Dark-Antidark Spinor Solitons in Spin-1 Bose Gases

TL;DR

This paper numerically investigates the existence, stability, and dynamics of novel spinor solitons in a one-dimensional spin-1 Bose gas, revealing their stability properties and potential instability behaviors.

Contribution

It introduces and analyzes new families of spinor solitons in spin-1 Bose gases, focusing on their stability and dynamical evolution within experimentally relevant parameters.

Findings

ADDAD solitons are more dynamically robust than DADDs.

DADDs are generally unstable within the studied parameter range.

Splitting of DADD into moving pairs with component separation observed.

Abstract

We consider a one-dimensional trapped spin-1 Bose gas and numerically explore families of its solitonic solutions, namely antidark-dark-antidark (ADDAD), as well as dark-antidark-dark (DADD) solitary waves.
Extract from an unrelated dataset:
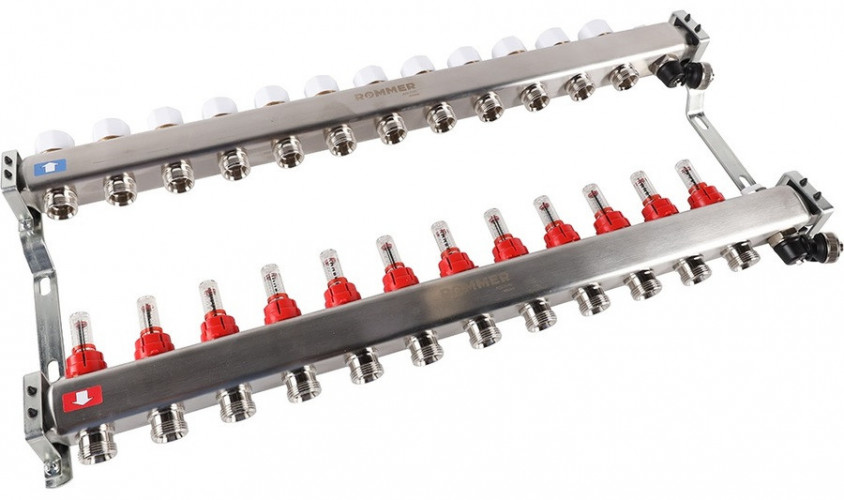 Для отопления Rommer 1"/3/4"x12 с расходомерами (RMS-1201-000012)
Their existence and stability properties are systematically investigated within the experimentally accessible easy-plane ferromagnetic phase by means of a continuation over the atom number as well as the quadratic Zeeman energy. It is found that ADDADs are substantially more dynamically robust than DADDs. The latter are typically unstable within the examined parameter range. The dynamical evolution of both of these states is explored and the implication of their potential unstable evolution is studied. Some of the relevant observed possibilities involve, e.g., symmetry-breaking instability manifestations for the ADDAD, as well as splitting of the DADD into a right- and a left-moving dark-antidark pair with the anti-darks residing in a different component as compared to prior to the splitting. In the latter case, the structures are seen to disperse upon long-time propagation.